Video transcription is the process of converting the spoken words in a video into written text. This can be done automatically using speech recognition technology or manually by transcribers. The transcribed text is usually synchronised with the video, allowing viewers to read along as they watch.
There are a variety of use cases for video transcription, including:
- Accessibility: Transcription can make videos more accessible to people with hearing impairments or those who speak different languages.
- Searchability: Transcribed videos can be searched and indexed, making it easier for viewers to find specific information within the video.
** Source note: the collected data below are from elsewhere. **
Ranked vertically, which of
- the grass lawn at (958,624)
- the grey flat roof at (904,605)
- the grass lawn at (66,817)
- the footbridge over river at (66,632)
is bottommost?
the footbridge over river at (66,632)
- Subtitling: Transcription can be used to create subtitles for videos, making them more accessible to a broader audience.
- Language Learning: Transcription can be used as a tool for language learning, allowing students to read along with native speakers and improve their listening and comprehension skills.
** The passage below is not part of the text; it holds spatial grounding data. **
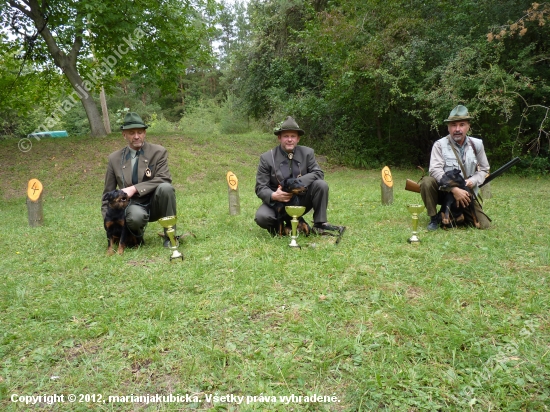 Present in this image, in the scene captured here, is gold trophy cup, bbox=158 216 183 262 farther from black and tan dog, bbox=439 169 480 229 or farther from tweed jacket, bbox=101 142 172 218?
black and tan dog, bbox=439 169 480 229

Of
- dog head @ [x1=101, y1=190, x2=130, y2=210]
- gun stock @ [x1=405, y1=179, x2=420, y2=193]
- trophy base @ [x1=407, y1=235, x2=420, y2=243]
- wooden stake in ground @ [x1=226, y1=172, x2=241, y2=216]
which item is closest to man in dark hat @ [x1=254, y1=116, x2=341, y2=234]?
trophy base @ [x1=407, y1=235, x2=420, y2=243]

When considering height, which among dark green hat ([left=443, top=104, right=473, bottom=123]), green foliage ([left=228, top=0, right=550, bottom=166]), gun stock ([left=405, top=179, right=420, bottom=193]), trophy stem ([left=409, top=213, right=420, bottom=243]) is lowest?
trophy stem ([left=409, top=213, right=420, bottom=243])

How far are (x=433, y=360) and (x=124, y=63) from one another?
50.1 feet

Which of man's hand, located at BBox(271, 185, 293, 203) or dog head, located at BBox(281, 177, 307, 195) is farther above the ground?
dog head, located at BBox(281, 177, 307, 195)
This implies that video transcription is a necessity for improved accessibility. As a result, several SaaS companies, such as Cloudinary, offer a method to transcribe videos smoothly.
Cloudinary, a cloud-based platform for managing and optimising media assets such as images and videos, also offers a video transcription add-on. The add-on converts the audio in our videos to text automatically. It applies an effective AI algorithm to our videos using Google’s Cloud Speech API to generate the best possible speech recognition results. These generated texts can be overlayed on our video as subtitles using Cloudinary video transformations.
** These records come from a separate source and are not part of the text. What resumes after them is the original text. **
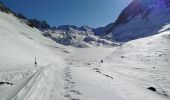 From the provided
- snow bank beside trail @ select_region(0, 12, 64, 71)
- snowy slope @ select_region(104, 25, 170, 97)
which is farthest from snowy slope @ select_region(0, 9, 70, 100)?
snowy slope @ select_region(104, 25, 170, 97)

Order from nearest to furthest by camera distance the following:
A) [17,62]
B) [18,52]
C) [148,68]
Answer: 1. [148,68]
2. [17,62]
3. [18,52]

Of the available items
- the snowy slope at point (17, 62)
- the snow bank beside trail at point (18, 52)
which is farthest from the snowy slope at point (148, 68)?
the snow bank beside trail at point (18, 52)

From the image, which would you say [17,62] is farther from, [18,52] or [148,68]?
[148,68]

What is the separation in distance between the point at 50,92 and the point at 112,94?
3236 mm

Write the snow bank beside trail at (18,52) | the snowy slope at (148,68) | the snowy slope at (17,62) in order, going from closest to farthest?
the snowy slope at (17,62)
the snowy slope at (148,68)
the snow bank beside trail at (18,52)

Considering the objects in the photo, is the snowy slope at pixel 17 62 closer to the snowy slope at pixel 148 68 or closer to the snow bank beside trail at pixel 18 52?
the snow bank beside trail at pixel 18 52

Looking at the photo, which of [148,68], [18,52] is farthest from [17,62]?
[148,68]

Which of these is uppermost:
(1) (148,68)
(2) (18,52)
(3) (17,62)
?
(2) (18,52)

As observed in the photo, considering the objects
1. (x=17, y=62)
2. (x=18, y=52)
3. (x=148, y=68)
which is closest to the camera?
(x=148, y=68)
In this article, we will build a Nuxt application that uploads a video to Cloudinary and applies the Cloudinary transcription add-on on upload. Then we will use the Cloudinary transformation API to overlay the AI-generated text on the video. Finally, we will make the transformed video downloadable.
Application Repository and Demo
Repo: https://github.com/yhuakim/nuxi-transcription
Demo: https://nuxi-transcription.netlify.app/
Prerequisites
- A Cloudinary free tier account and valid API keys.
- Good knowledge of Nuxt version 3.
Registering the Google AI Video Transcription Addon
After creating a free tier account, enable the Google AI video transcription addon to use the Cloudinary transcription endpoint. We can do this by following the steps below:
Navigate to the addon tab, then click the Google AI video transcription card as shown in the image below:
The preceding step will take us to the screen below, where we can select the Free plan link. This will enable our free plan.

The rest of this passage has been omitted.